Sizce kız çocuklarının eğitim hakkının engellenmemesi, çocuk yaşta evliliklerin önlenmesi ve kadına şiddetin son bulması için neler yapılabilir?
Bunun için en önemli adım, bireyi bilinçlendirmek. Domino etkisi gibi, bir bireyin diğerini bilinçlendirmesi şeklinde ilerleyerek toplumun çoğunluğuna eğitimin önemi, çocuk yaşta evliliğin önüne geçilmesi gerektiği ve en önemlisi kadın, çocuk ve her türlü canlıya karşı şiddetin ne kadar büyük bir yanlış olduğu anlatılmalı. Her bireyin olayı kavrayış şekli farklı, o yüzden bilinçlendirme çalışmalarının da çok yönlü ve anlaşılır olması gerek.
GÜLMEK BANA KEYİF VERİYOR
Gülmeyi ve güldürmeyi seviyorsunuz ancak dramlarda da performansınız tam puan. En çok hangisini seviyorsunuz?

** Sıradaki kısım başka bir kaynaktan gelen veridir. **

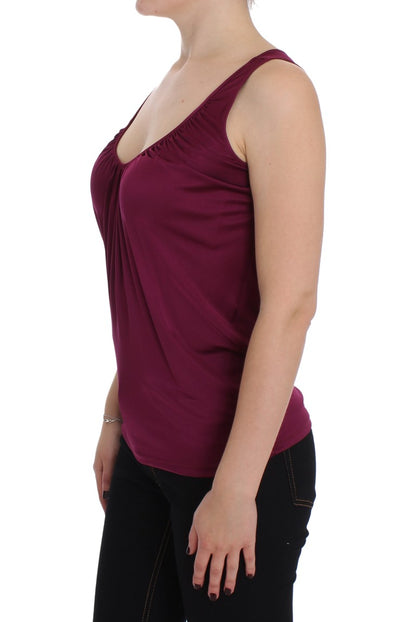 Elegante blusa camisola de rayón morado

Bir oyuncu olarak toplumun aynası görevindeyiz. Yeri geliyor büyük acılar, dramlar yaşıyoruz, yeri geliyor ağız dolusu kahkahalarla geçiyor günlerimiz. Ama ne yalan söyleyeyim, komedinin benim için yeri ayrı. Gülmek ve güldürebilmek, bana çok keyif veriyor.
KEMAL SUNAL DÖNÜM NOKTAM OLDU
Vefa Lisesi'nde okumanız ve Kemal Sunal'la tanışmanız, oyunculuk serüveninizde nasıl etkili oldu?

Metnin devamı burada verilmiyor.